Captioned web image data
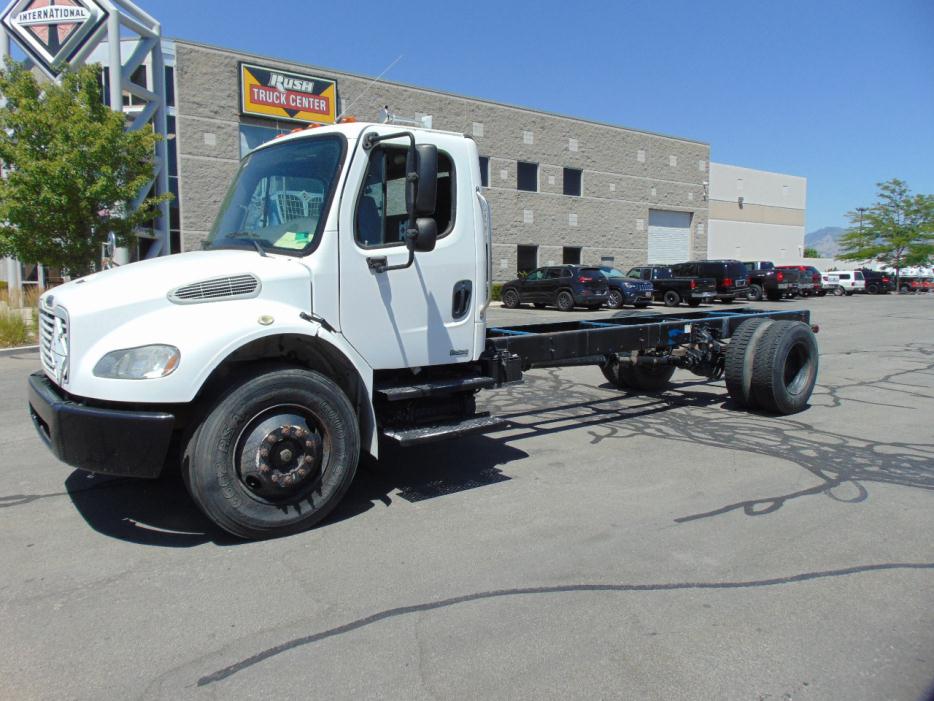2004 Freightliner Business Class M2 106  Cab Chassis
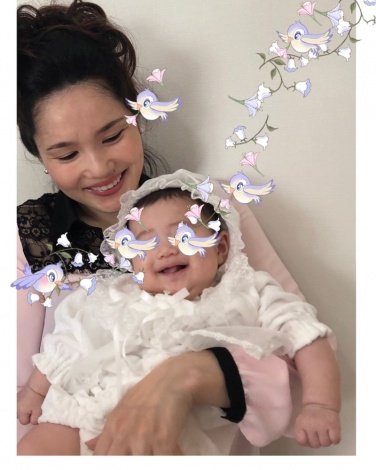 平野ノラ、愛娘“バブ子”のお食い初めを報告 笑顔の2ショットも披露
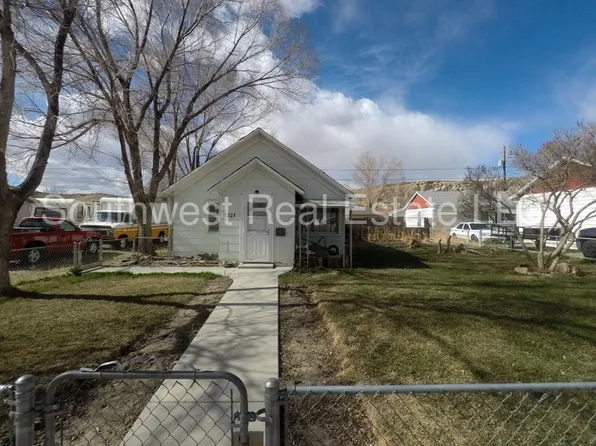 1321 Lowell Ave, Rock Springs, WY 82901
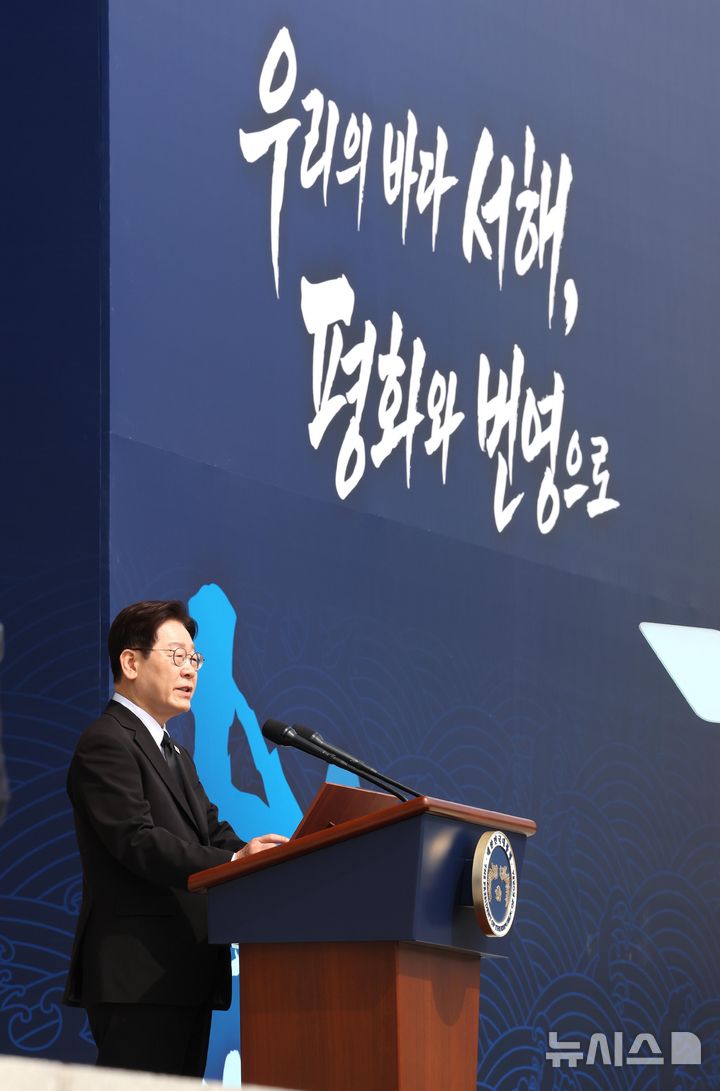 [대전=뉴시스] 고범준 기자 = 이재명 대통령이 27일 국립대전현충원에서 열린 제11회 서해수호의 날 기념식에서 기념사를 하고 있다. 2026.03.27. bjko@newsis.com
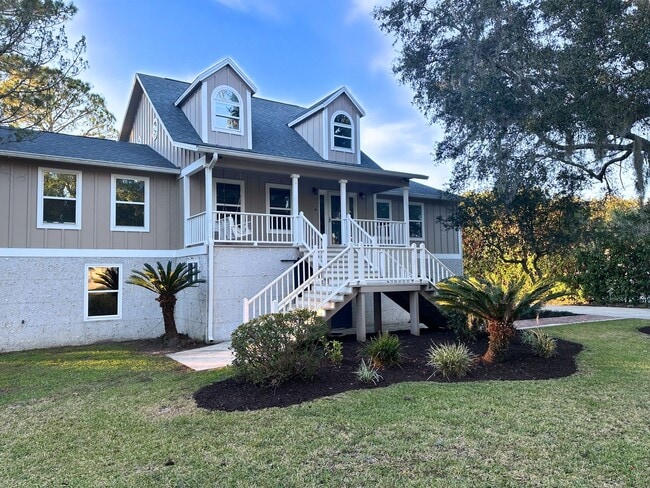 Building Photo - Spacious 4 Bedroom, 2.5 Bath Home with Stunning Marsh Views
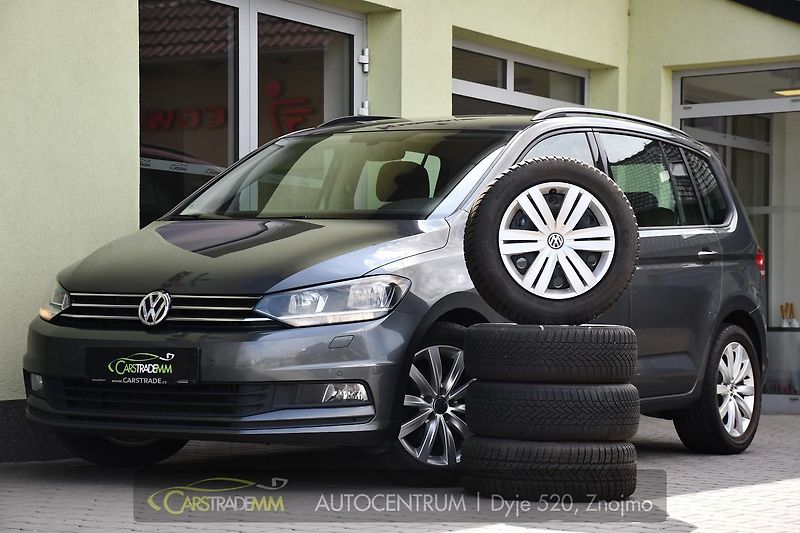Volkswagen Touran 2.0TDi DSG TAŽNÉ 2xKOLA  - fotka 2 z 52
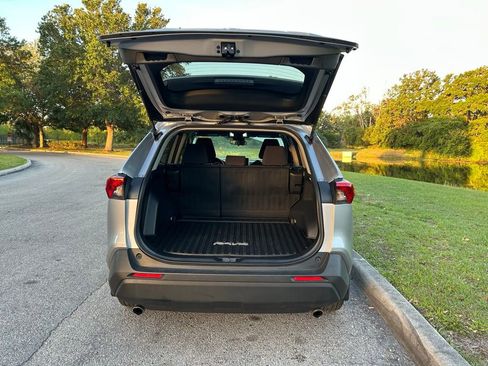 Used 2024 Toyota RAV4 LE image 10
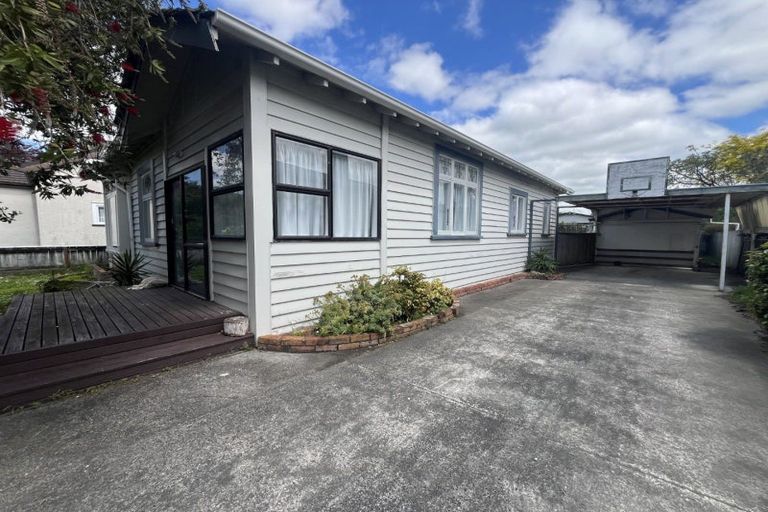 Photo of property in 20 Bryant Street, Takaro, Palmerston North, 4412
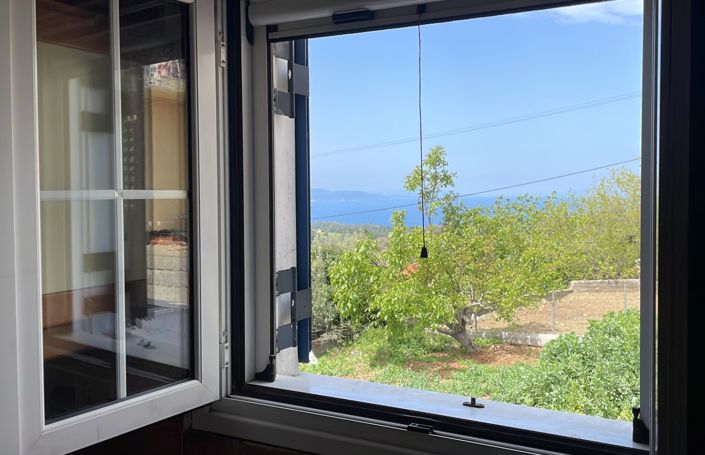 Image No.13-2 Bed House for sale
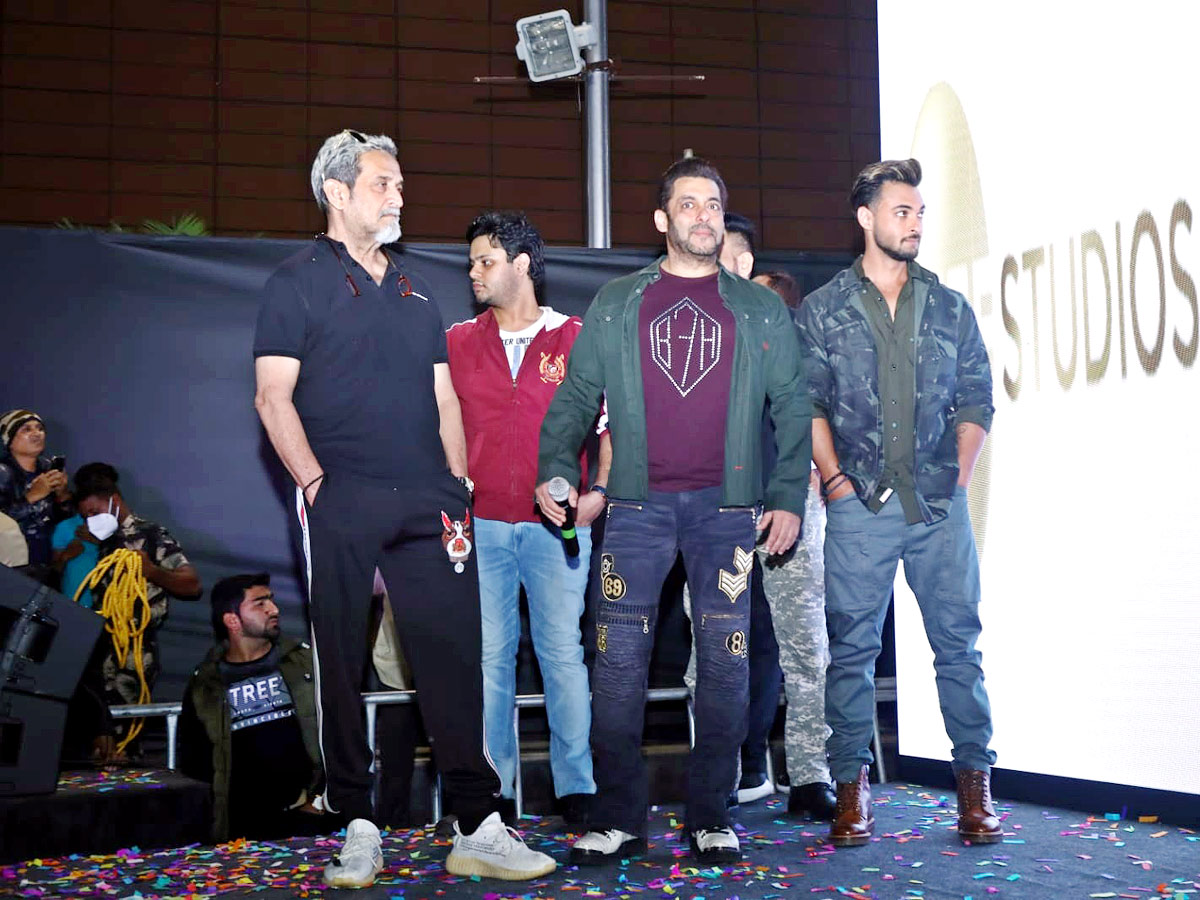 Salman Khan at Hyderabad Kookatpalli Forum Mall Photo Gallery - Sakshi3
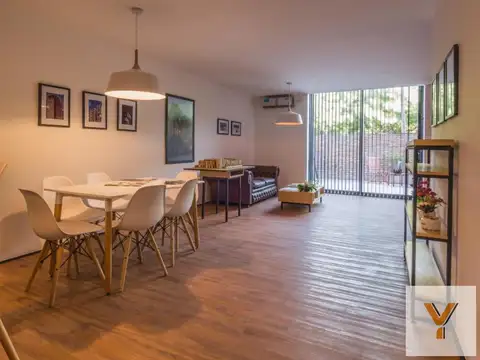 Dúplex en venta - 2 Dormitorios 3 Baños - Cochera - 124Mts2 - Moreno
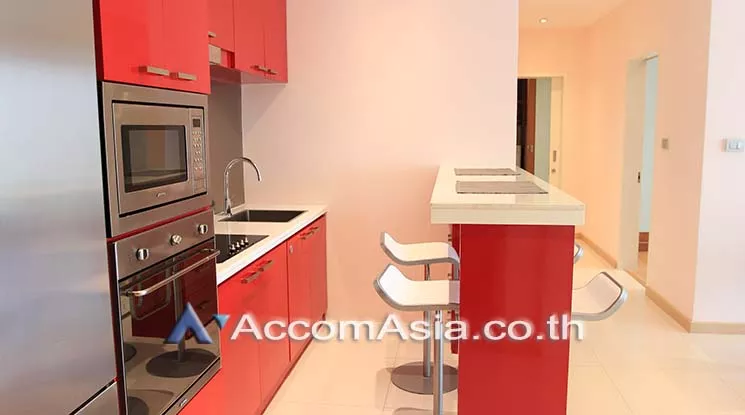  2 Bedrooms  Condominium For Rent in Sukhumvit, Bangkok  near BTS Phrom Phong (AA18883)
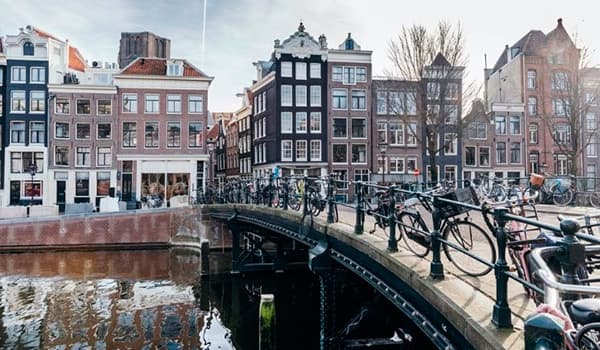 Por que Alugar um Carro em Amsterdã?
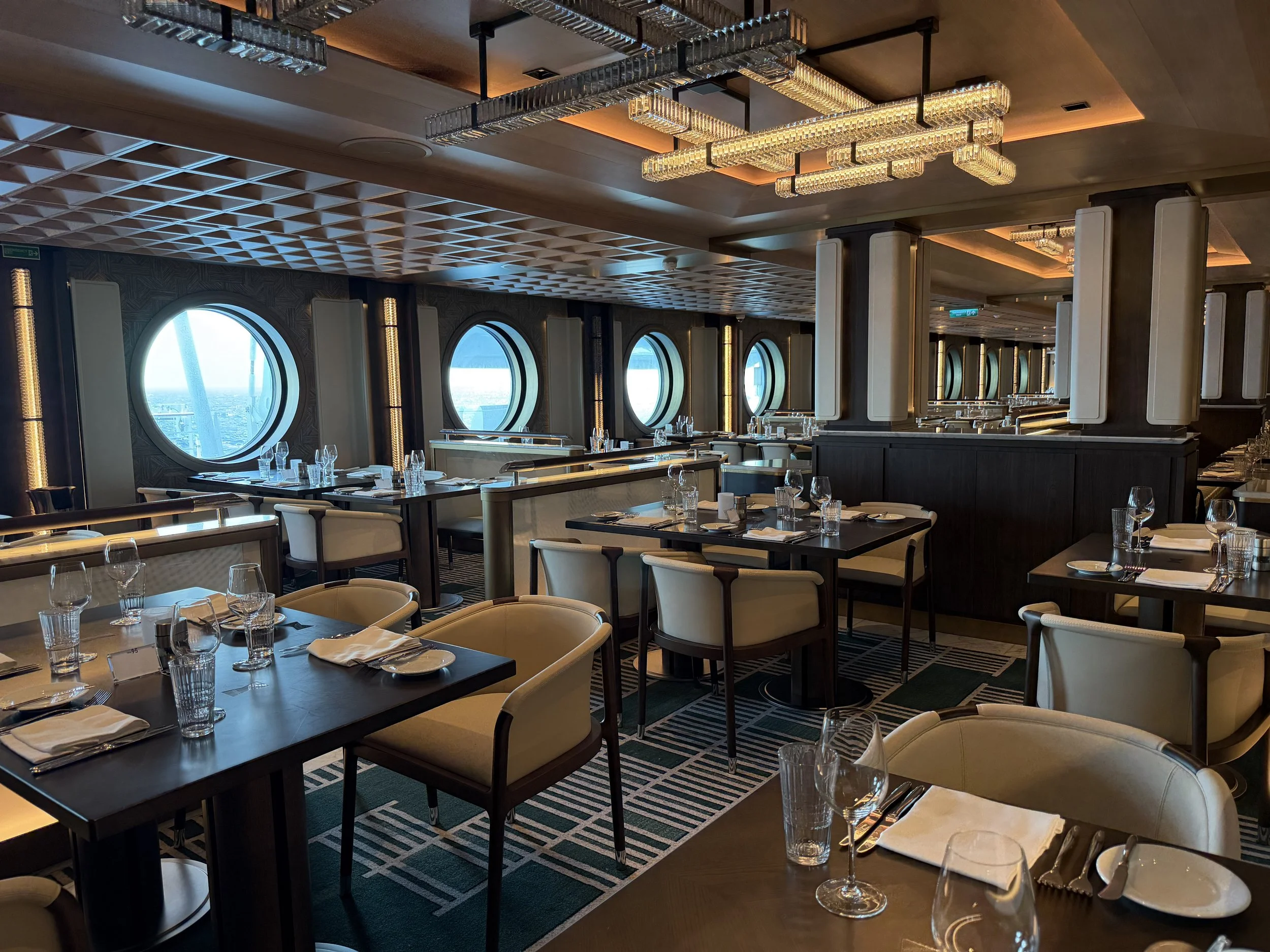 The Commodore Room onboard Norwegian Luna, © Fraser at Sea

[EXERCISE OBJECTIVE] If a picture appears among the records, leave it out, and otherwise reproduce exactly every line from the first line through the one with "Salman Khan at", both included.

[FINISHED TASK]
2004 Freightliner Business Class M2 106  Cab Chassis
 平野ノラ、愛娘“バブ子”のお食い初めを報告 笑顔の2ショットも披露
 1321 Lowell Ave, Rock Springs, WY 82901
 [대전=뉴시스] 고범준 기자 = 이재명 대통령이 27일 국립대전현충원에서 열린 제11회 서해수호의 날 기념식에서 기념사를 하고 있다. 2026.03.27. bjko@newsis.com
 Building Photo - Spacious 4 Bedroom, 2.5 Bath Home with Stunning Marsh Views
Volkswagen Touran 2.0TDi DSG TAŽNÉ 2xKOLA  - fotka 2 z 52
 Used 2024 Toyota RAV4 LE image 10
 Photo of property in 20 Bryant Street, Takaro, Palmerston North, 4412
 Image No.13-2 Bed House for sale
 Salman Khan at Hyderabad Kookatpalli Forum Mall Photo Gallery - Sakshi3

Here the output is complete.